Prompt:
Exactly the lines from the one with "Angled view of" through the end of the records below are needed, minus any pictures.

Provided data:
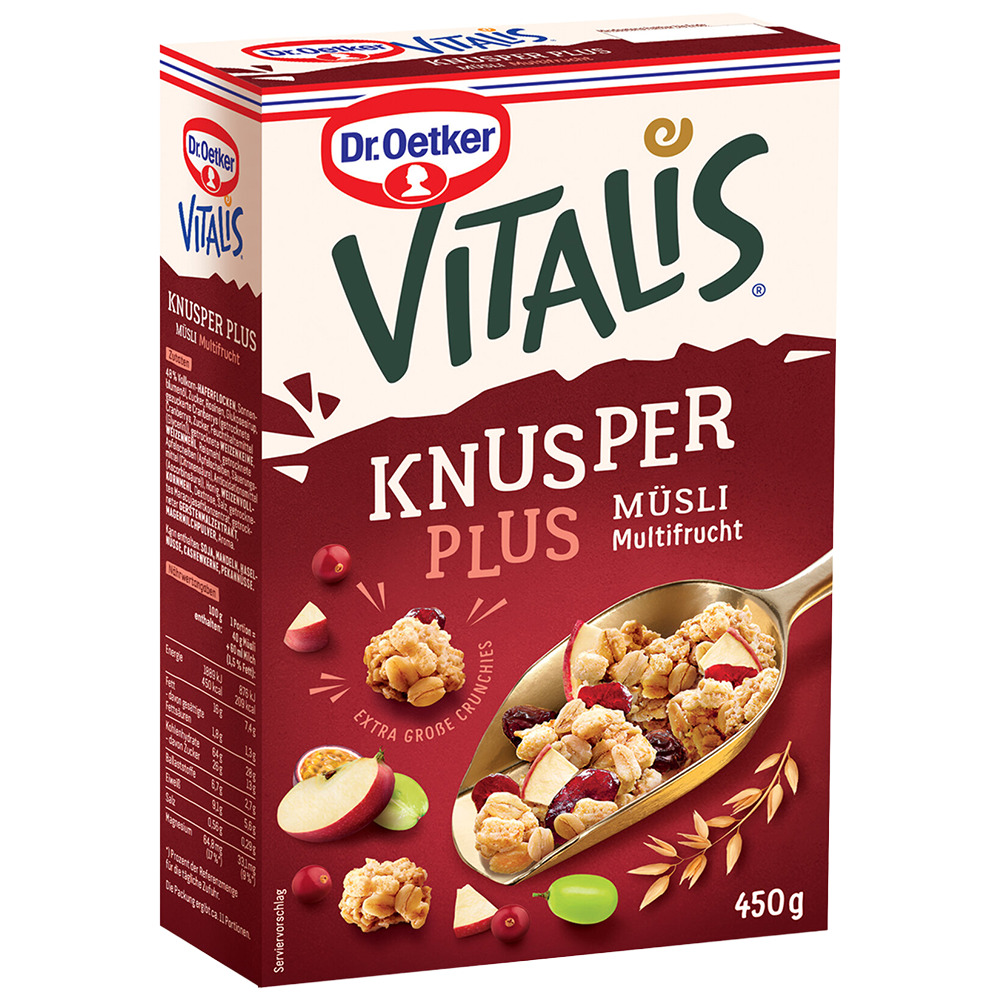 Dr. Oetker Vitalis Knusper Plus Multi Frucht 450 Gr.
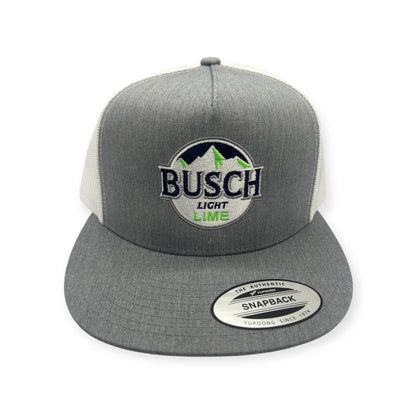 Angled view of Busch Lime Blime embroidered cap by Horizon Hat Co. in heather gray/white showing the bill and side panels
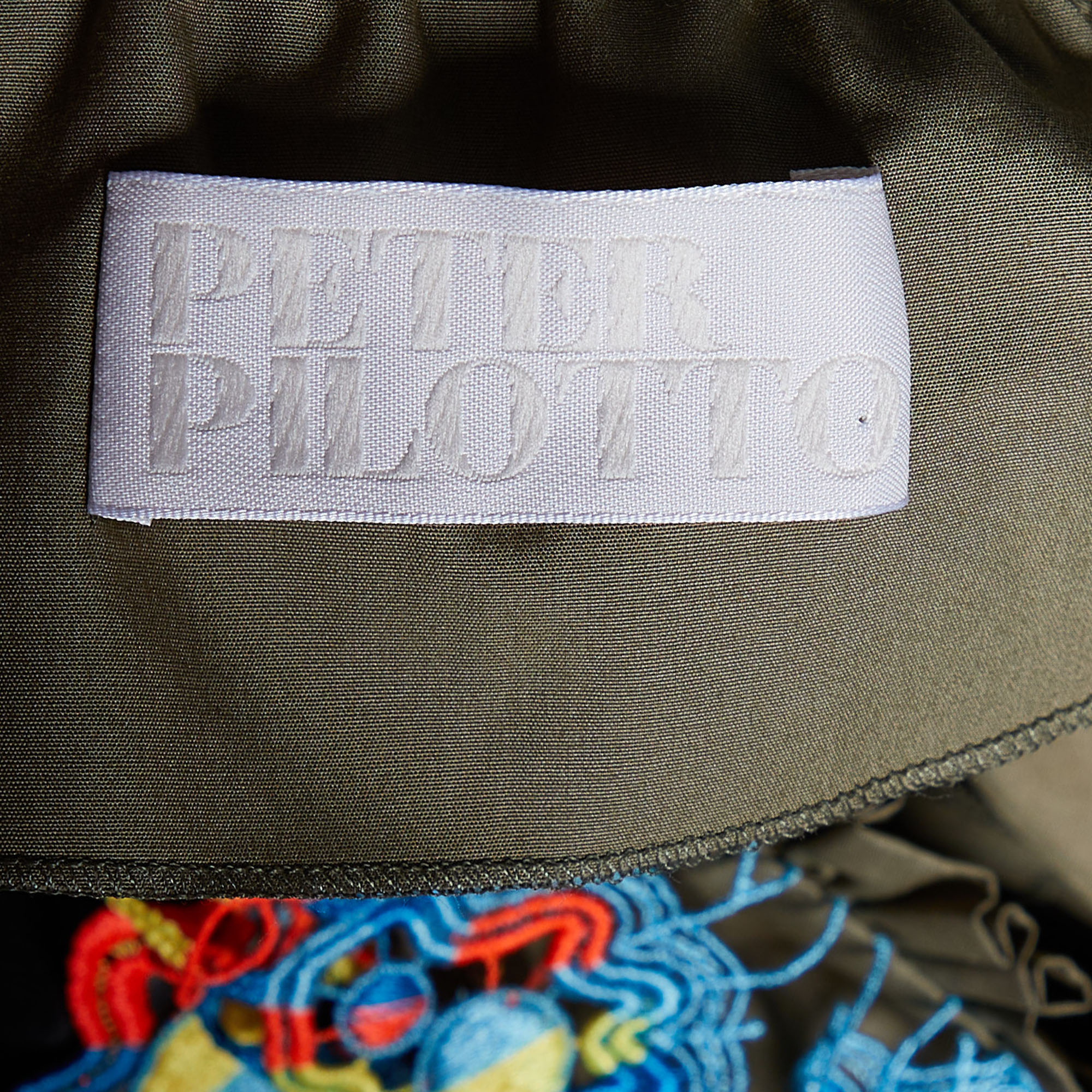 Peter Pilotto Green Cotton Cut Work Detail Off Shoulder Top M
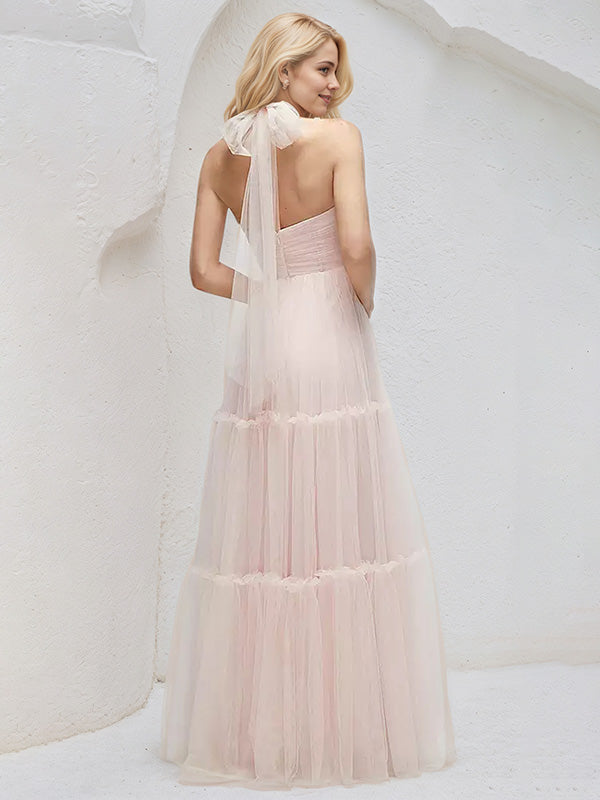 A Line Halter Neck Sleeveless Floor Length Tulle Bridesmaid Dresses With Bow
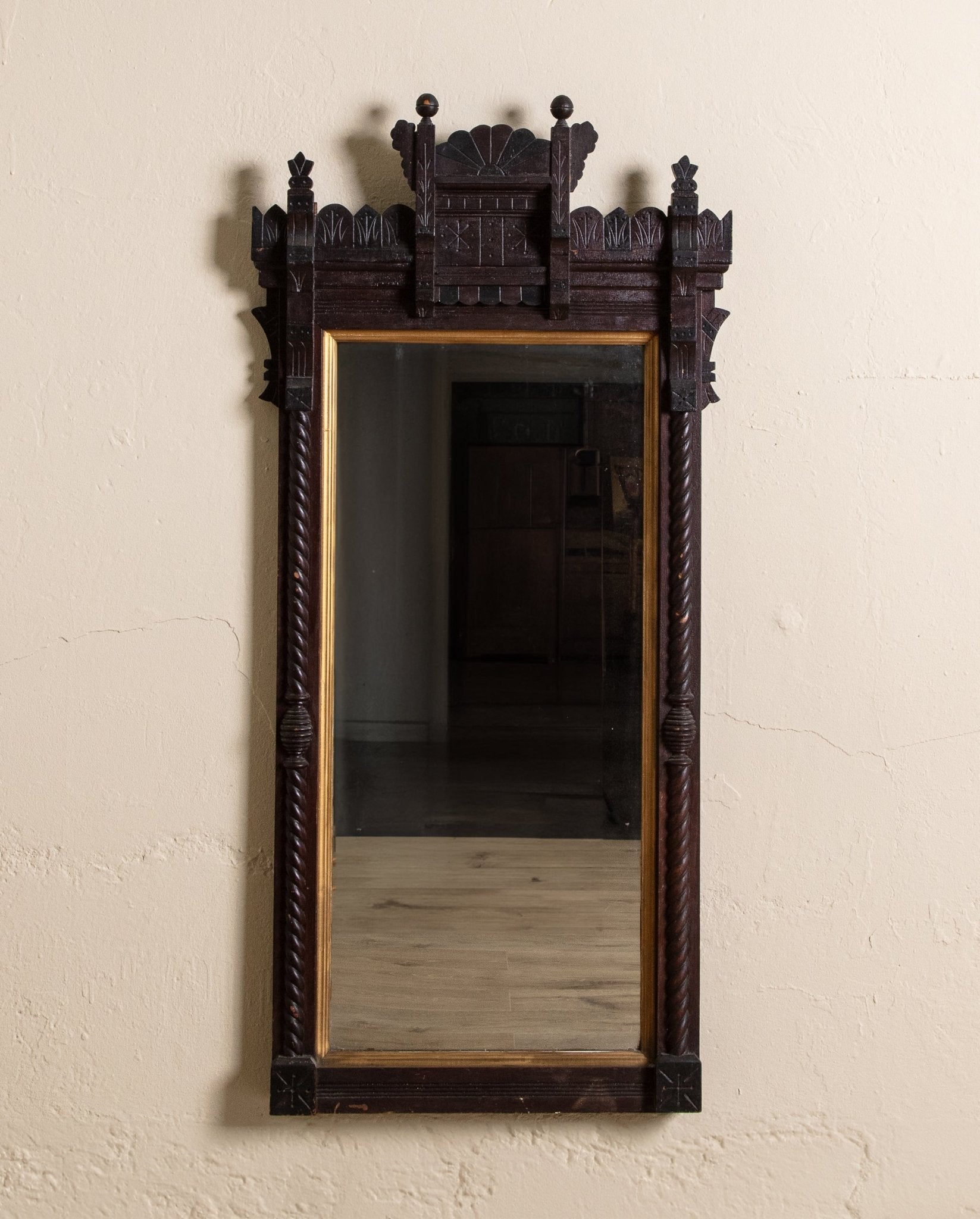 Victorian Eastlake Wall Mirror, Late 19th Century - Lone Fox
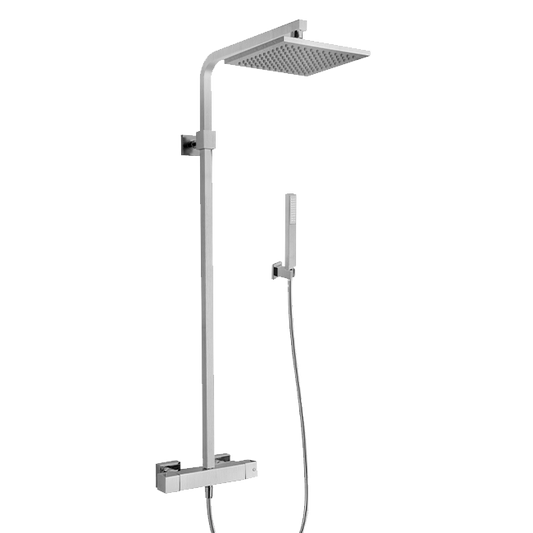 LaToscana QUBL689 QUADRO Brass Shower Column with Thermostatic Mixer in Matte Black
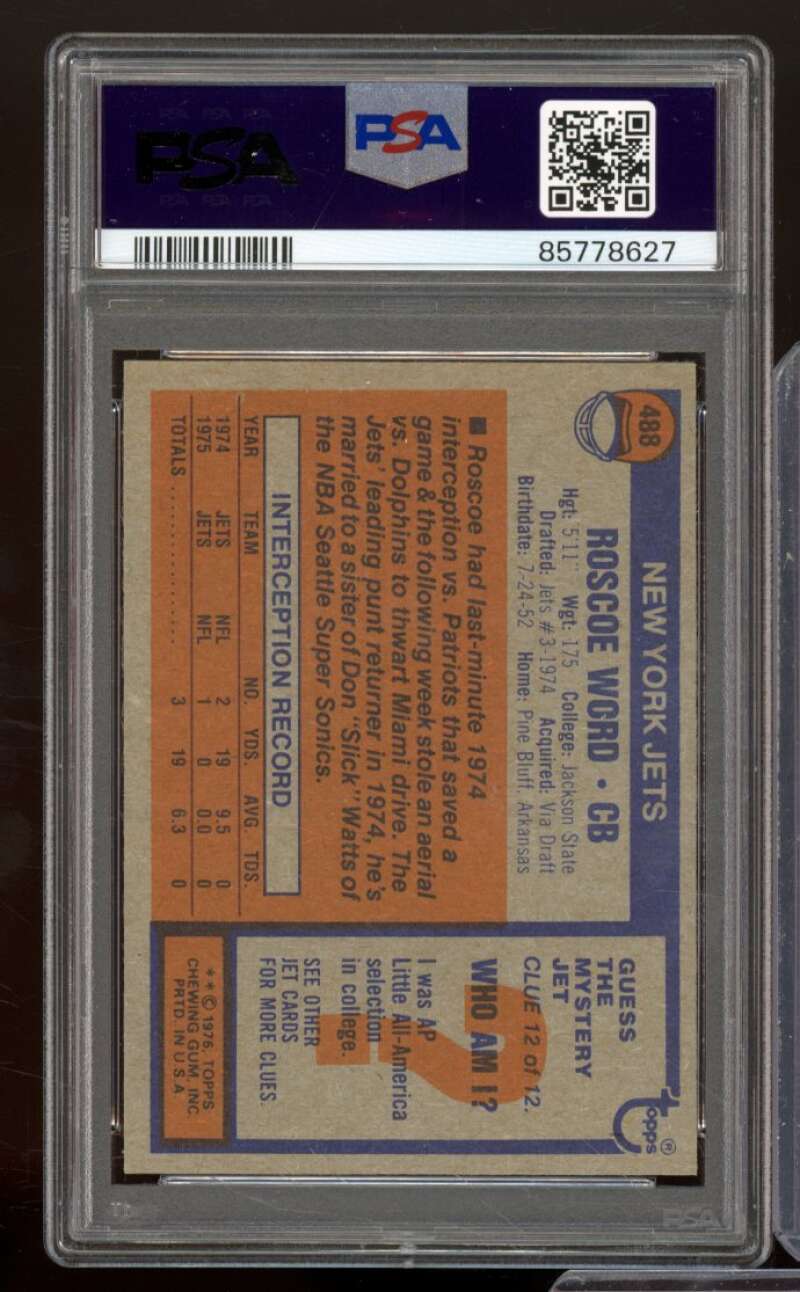 Roscoe Word Rookie Card 1976 Topps #488 PSA 8 Image 2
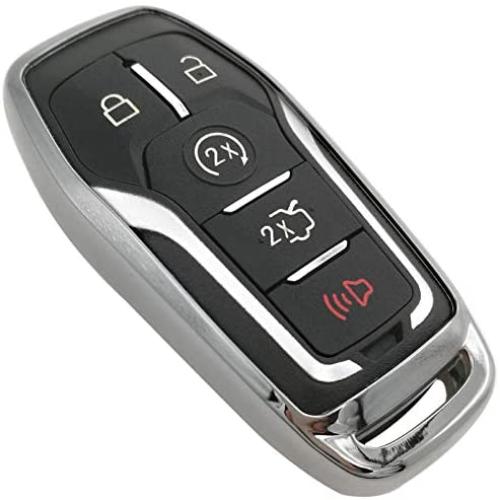 Silver TPU Soft Key Fob Cover Case Remote Jacket Glove for Ford Fusion F-150 Edge Explorer Mustang Lincoln MKZ MKC 2/3/4/5 Buttons Smart Key( NOT fit Flip/Folding key)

Exercise answer:
 Angled view of Busch Lime Blime embroidered cap by Horizon Hat Co. in heather gray/white showing the bill and side panels
 Peter Pilotto Green Cotton Cut Work Detail Off Shoulder Top M
 A Line Halter Neck Sleeveless Floor Length Tulle Bridesmaid Dresses With Bow
 Victorian Eastlake Wall Mirror, Late 19th Century - Lone Fox
 LaToscana QUBL689 QUADRO Brass Shower Column with Thermostatic Mixer in Matte Black
 Roscoe Word Rookie Card 1976 Topps #488 PSA 8 Image 2
 Silver TPU Soft Key Fob Cover Case Remote Jacket Glove for Ford Fusion F-150 Edge Explorer Mustang Lincoln MKZ MKC 2/3/4/5 Buttons Smart Key( NOT fit Flip/Folding key)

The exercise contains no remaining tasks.